My greatest fear is my bank account. I can last for awhile on my savings, but the bills must be paid, not to mention getting gouged for national health insurance. When it comes to being frugal, I have my ways to be the most miserly of us all. Yesterday, dinner was a hamburger from McDonald's, and it was the most delicious hamburger ever because it was free! I had a coupon.

But I have my limits, and after I left the McDonald's to go for a night stroll in the beautiful weather (because it's free), I found a woman closely tailing me as I left the store, who then promptly turned around and returned to her original spot 20 meters later. I passed by on the same strip as I was walking home, and, as I had guessed, that's where many prostitutes hang out. Which I did not know before. One of them tried to catch my attention with Chinese accented Japanese, and I quickly looked at her and she seemed quite wholesome, not what I envisioned a sex worker looked like in my mind's eye.

Of course, sex workers nowadays I suppose don't do the feather boa fishnet stocking thing anymore, unless they are drag queens, and thus probably not prostitutes.

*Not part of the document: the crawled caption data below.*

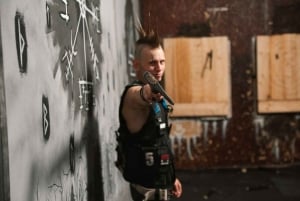 Axe Throwing in Fun Arena in the centre of Prague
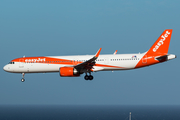 easyJet Europe Airbus A321-251NX (OE-ISD) at  Gran Canaria, Spain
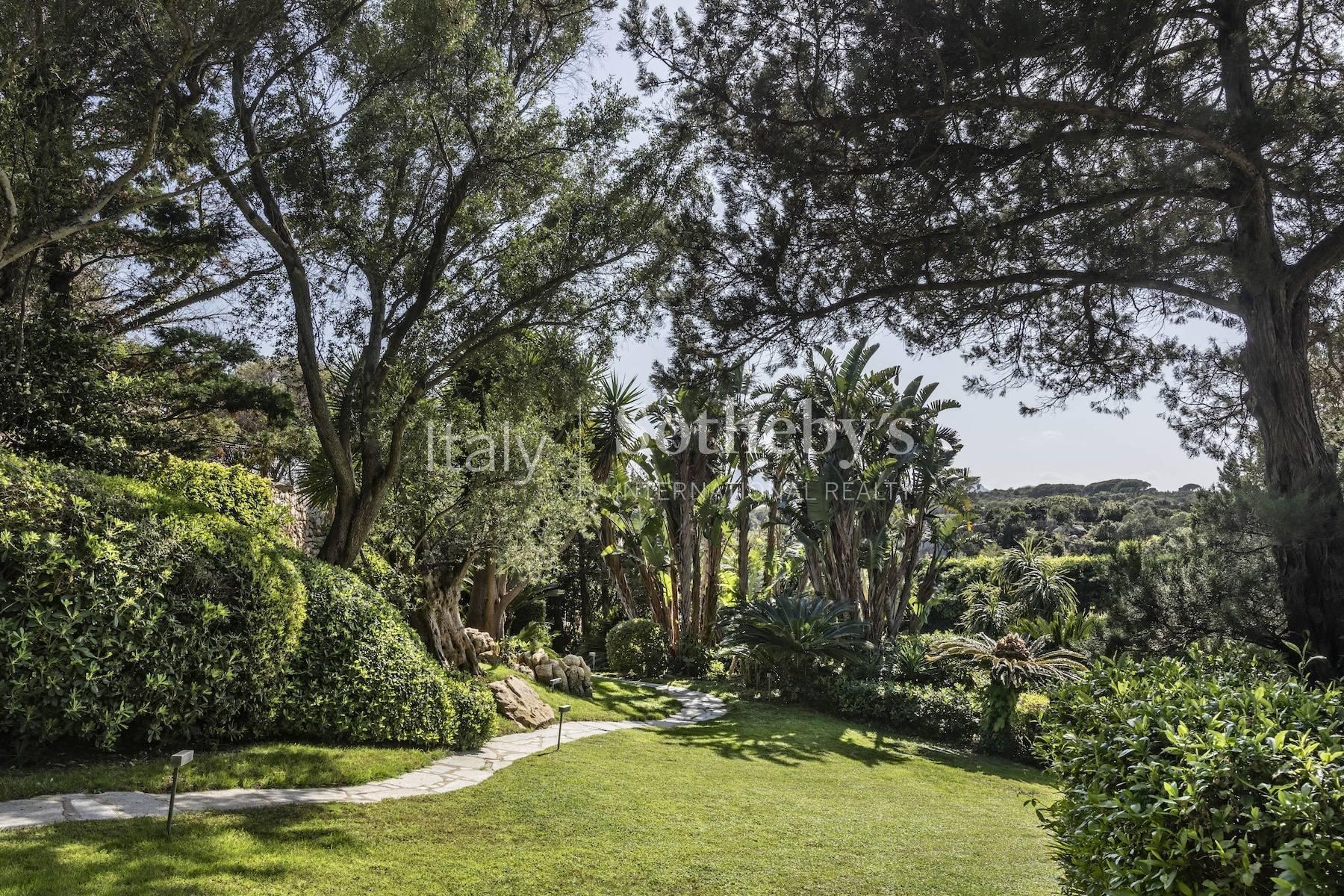 Elegante villa sul mare a Romazzino, in vendita, Arzachena | Sotheby’s Realty Italy - 22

I wonder what brought her there, I wonder if she enjoyed her line of work, and I wonder how often she found a client. If I had the money, I should like to ask an hour of her time to have those questions answered.

I also wonder if I'll ever need to stand on that same strip. Five dolla make you holla! I jest. Or do I...?

The response I give to everyone that asks about my current situation is, "Yes, it might be difficult, but it's exciting! Isn't this what youth is about? Not knowing the future? Wondering where it will all end up?"

Which is for the most part true. It is exciting, and I wonder what will happen. But most older adults ask these questions from the security of their own job security and assets and savings. And while they may have been in a similar position before, I wonder if they remember what it's like to live it.

If you remember, please let me know.

To be honest, I am scared. I don't know what will happen, and even though I know what I want to do, I lack direction and do not have the gift of sight to see what the proper steps I should be taking are. At this point, I should be considering a career, not just jobs. But I suppose the best I can do is keep applying and see what happens. I've come to realize that the things that are most worth having in life aren't given, but earned. I hold no hope that it'll all just magically work out.

But sometimes, I wish that that was all that it took, just a little hope and it will all be ok.